Dubbed the GeForce GTX 1650, GeForce GTX 1660, and GeForce GTX 1660 Ti, the new GPUs will power roughly 80 different OEM mainstream gaming notebook designs, starting in the $799 price range.
The GeForce GTX 16 Series family doesn't have RT or Tensor cores, it does bring other enhancements found in their GeForce RTX counterparts like concurrent floating point and integer operations, 3x the L1 cache of Pascal-based mobility parts, and adaptive shading. Nvidia is quoting a roughly 1.4x uplift in power efficiency (with TDPs as low as 60W) along with a 1.5x improvement in instructions-per-clock compared to Pascal.

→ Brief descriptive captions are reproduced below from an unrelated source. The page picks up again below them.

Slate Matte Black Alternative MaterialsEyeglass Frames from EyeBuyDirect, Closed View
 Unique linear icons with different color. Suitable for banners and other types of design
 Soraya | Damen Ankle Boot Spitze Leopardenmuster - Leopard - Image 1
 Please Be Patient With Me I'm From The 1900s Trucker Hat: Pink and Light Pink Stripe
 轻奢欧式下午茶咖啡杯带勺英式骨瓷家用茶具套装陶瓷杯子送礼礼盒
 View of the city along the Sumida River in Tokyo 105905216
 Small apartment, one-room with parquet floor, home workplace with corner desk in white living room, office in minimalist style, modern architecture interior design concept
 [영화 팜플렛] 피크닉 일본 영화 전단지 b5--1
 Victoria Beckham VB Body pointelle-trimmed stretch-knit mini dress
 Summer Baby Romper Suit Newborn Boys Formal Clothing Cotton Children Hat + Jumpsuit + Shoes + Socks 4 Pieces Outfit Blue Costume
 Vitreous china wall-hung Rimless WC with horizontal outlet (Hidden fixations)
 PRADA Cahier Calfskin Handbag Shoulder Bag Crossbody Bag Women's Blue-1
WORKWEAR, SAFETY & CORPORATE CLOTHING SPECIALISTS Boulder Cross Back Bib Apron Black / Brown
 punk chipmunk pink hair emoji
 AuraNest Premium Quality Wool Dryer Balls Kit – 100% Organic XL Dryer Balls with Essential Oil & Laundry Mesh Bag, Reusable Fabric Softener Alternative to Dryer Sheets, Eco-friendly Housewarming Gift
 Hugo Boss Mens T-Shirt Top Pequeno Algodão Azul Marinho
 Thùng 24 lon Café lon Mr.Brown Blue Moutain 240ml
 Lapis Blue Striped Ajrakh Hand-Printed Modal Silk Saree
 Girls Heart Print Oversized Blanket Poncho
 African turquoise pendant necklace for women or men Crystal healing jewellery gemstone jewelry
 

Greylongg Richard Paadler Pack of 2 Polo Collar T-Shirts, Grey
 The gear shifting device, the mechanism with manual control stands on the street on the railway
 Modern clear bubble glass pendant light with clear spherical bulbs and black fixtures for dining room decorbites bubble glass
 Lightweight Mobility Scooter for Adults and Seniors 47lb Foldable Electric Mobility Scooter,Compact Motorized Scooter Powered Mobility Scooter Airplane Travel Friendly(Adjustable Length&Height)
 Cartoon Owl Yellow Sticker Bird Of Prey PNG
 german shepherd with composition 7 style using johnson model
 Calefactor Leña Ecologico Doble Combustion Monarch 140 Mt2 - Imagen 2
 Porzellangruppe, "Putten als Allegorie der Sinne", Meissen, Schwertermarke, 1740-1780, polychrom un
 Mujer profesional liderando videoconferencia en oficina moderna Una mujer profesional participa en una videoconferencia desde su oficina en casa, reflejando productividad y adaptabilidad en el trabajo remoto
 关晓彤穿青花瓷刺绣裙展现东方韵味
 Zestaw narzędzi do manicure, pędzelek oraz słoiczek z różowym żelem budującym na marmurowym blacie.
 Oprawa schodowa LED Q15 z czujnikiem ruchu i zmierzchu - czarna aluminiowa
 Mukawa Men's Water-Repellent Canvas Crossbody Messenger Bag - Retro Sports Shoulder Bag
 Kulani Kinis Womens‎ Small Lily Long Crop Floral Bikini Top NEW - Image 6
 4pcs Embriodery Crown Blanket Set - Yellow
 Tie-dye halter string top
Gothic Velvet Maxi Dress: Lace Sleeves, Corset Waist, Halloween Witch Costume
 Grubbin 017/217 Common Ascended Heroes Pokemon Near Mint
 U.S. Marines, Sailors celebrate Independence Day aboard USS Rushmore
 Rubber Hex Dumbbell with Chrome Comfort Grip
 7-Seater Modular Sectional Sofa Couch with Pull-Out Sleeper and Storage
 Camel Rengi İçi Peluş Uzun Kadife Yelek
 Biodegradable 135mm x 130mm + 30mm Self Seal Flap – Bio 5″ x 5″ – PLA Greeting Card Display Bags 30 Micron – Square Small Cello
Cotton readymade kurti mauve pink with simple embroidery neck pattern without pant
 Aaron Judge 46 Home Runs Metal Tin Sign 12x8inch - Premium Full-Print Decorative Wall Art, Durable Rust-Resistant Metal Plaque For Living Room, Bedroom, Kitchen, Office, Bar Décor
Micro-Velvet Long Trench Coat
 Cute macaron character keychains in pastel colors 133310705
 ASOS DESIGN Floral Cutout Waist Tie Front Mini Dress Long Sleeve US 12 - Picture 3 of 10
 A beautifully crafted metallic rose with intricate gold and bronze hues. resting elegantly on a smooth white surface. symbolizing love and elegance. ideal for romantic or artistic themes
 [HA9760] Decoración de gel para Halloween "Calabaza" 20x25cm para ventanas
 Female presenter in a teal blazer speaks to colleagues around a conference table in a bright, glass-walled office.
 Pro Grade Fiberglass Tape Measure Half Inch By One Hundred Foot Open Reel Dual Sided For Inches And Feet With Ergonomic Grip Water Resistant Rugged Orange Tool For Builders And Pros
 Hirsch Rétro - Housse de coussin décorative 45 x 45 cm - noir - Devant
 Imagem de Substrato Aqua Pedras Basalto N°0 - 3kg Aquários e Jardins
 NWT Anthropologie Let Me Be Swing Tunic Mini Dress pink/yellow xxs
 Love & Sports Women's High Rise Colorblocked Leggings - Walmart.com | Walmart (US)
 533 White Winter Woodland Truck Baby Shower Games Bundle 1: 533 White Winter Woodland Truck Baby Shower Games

Compared to a four-year-old gaming laptop with a GeForce GTX 960M, Nvidia told Hot Hardware that a modern counterpart equipped with a GeForce GTX 1660 Ti could deliver 4x the performance in today's battle royale-style games like Apex Legends, Fortnite, and PUBG. Of course, if they compared them against a 10-year-old laptop, the figures would look even better.
As for the GeForce GTX 1650, NVIDIA promises a 2.5x performance advantage compared to the GTX 950M and a 1.7x advantage compared to the previous generation GTX 1050. Gamers should expect consistent 60 fps performance in gaming titles at 1080p, though the company didn't specifically mention GTX 1660 vs 1060 performance comparisons.
According to Nvidia, every major OEM will be releasing GeForce GTX 16 Series laptops, including well-known brands like ASUS, Dell/Alienware, Acer, Hewlett-Packard, and Lenovo (among others).